*Work to be completed:* What you write must be the listing below in full, word for word, minus its pictures.

*** Block opens ***

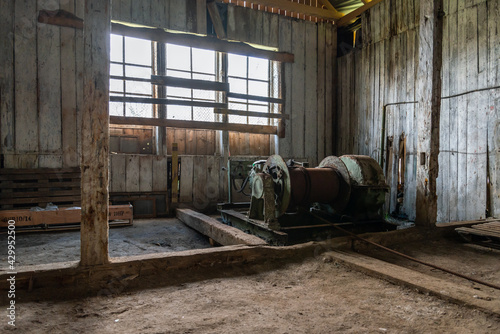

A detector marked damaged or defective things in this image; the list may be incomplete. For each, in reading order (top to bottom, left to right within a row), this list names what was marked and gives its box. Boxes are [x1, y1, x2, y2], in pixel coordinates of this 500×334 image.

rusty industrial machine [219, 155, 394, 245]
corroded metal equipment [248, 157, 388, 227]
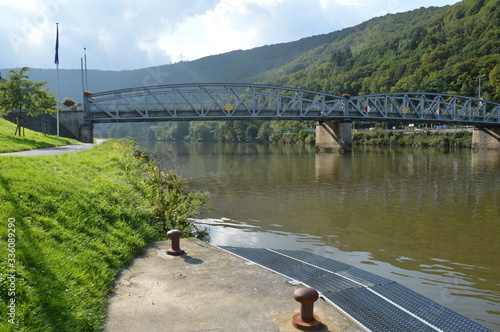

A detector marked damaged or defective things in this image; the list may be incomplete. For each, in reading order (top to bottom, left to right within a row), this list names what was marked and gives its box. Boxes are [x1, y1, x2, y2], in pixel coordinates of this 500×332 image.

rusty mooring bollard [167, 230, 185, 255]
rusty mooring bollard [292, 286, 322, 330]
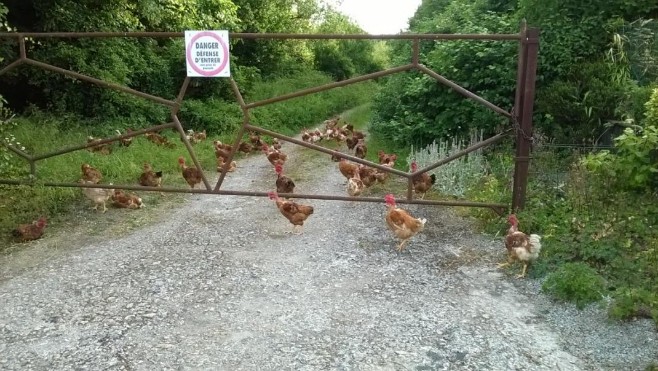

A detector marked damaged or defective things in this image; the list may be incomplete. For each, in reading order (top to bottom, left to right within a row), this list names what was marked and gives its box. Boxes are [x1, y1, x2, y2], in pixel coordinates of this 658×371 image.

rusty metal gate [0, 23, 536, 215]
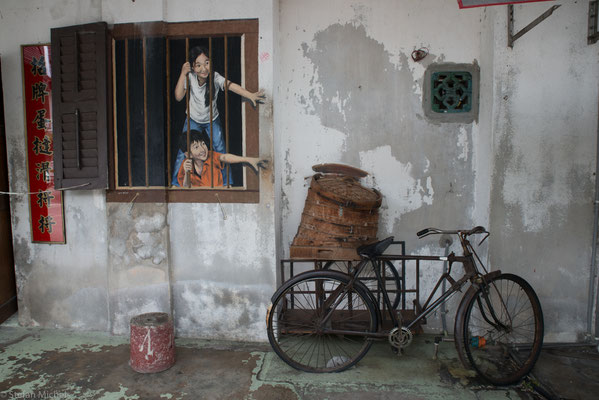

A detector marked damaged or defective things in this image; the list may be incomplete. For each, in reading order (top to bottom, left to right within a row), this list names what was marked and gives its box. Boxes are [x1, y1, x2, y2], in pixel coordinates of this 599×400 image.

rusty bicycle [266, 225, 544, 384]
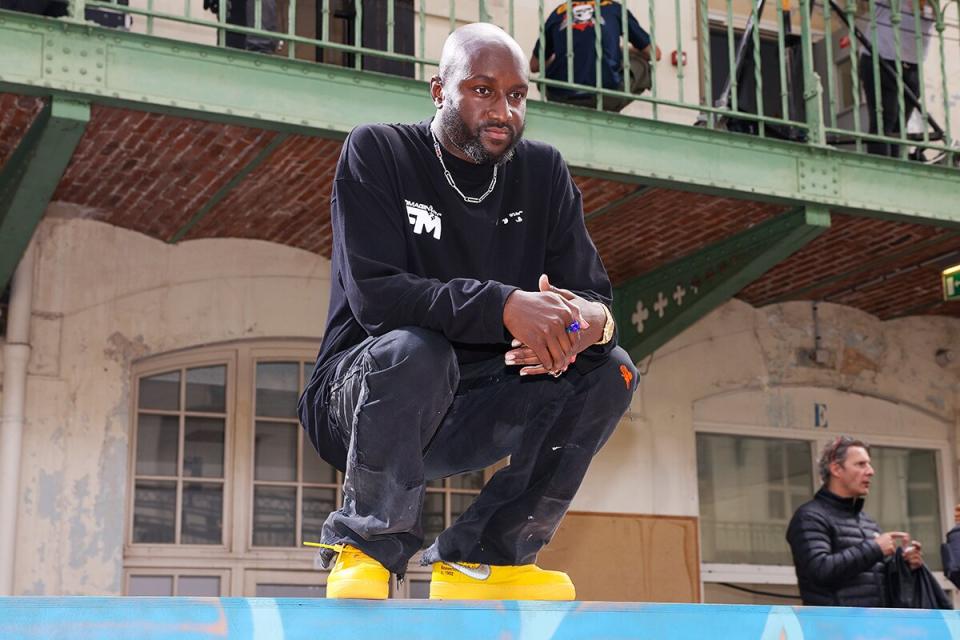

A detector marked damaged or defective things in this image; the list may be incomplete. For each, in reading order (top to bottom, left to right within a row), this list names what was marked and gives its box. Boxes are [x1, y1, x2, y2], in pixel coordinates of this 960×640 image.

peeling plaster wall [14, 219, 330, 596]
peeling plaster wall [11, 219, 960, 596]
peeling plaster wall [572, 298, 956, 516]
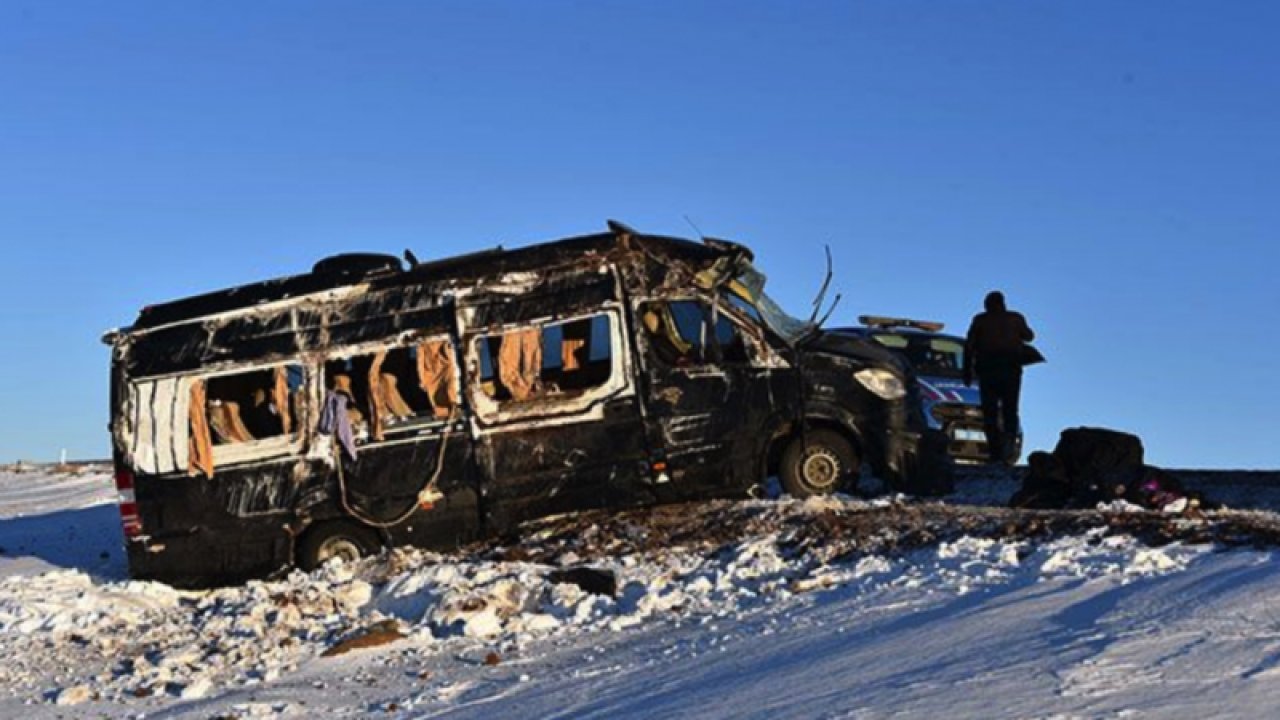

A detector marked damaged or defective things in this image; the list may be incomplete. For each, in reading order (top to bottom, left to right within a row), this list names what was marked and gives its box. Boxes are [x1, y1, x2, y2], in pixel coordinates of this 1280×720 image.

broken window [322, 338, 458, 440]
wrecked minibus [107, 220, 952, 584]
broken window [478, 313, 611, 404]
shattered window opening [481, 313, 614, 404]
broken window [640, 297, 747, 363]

*** Block closes ***

*Response below:*
A detector marked damaged or defective things in this image; the list may be incomplete. For each, in reading order (top to bottom, left to right within a row), this list names what was marked and gives its box. Boxes are [x1, y1, x2, y2], in pixel coordinates of this 500×334 image.

rusty industrial machine [219, 155, 394, 245]
corroded metal equipment [248, 157, 388, 227]

A detector marked damaged or defective things in this image; the list may be incomplete. For each, in reading order (top to bottom, left to right within a row), this list names what was marked and gives its box. Boxes are [x1, y1, x2, y2], in pixel coordinates of this 500×332 image.

rusty mooring bollard [167, 230, 185, 255]
rusty mooring bollard [292, 286, 322, 330]

A detector marked damaged or defective things in this image; the list may be incomplete. For each, in reading order (top to bottom, left to right within a row), this list names what was marked and gives its box. Boxes are [x1, y1, x2, y2], in pixel coordinates of this 658×371 image.

rusty metal gate [0, 23, 536, 215]

A detector marked damaged or defective things in this image; the list may be incomplete. For each, in reading order (top to bottom, left to right within a row), this list names what was marked and gives its box. Boxes are [x1, y1, x2, y2], in pixel coordinates of this 599×400 image.

rusty bicycle [266, 225, 544, 384]

A detector marked damaged or defective things in this image; the list may be incomplete. For each, in reading order (top to bottom, left to right within a row), this list names what was marked and gives its box. Boxes are [x1, y1, x2, y2], in pixel coordinates of this 960×640 image.

peeling plaster wall [14, 219, 330, 596]
peeling plaster wall [11, 219, 960, 596]
peeling plaster wall [572, 298, 956, 516]

A detector marked damaged or defective things in this image; the list may be incomplete. For each, in reading order (top to bottom, left to right within a row), this list names what was marked and gives its box. Boxes are [x1, y1, x2, y2], in pixel coordinates of this 1280×720 image.

broken window [322, 338, 458, 440]
wrecked minibus [107, 220, 952, 584]
broken window [478, 313, 611, 404]
shattered window opening [481, 313, 614, 404]
broken window [640, 297, 747, 363]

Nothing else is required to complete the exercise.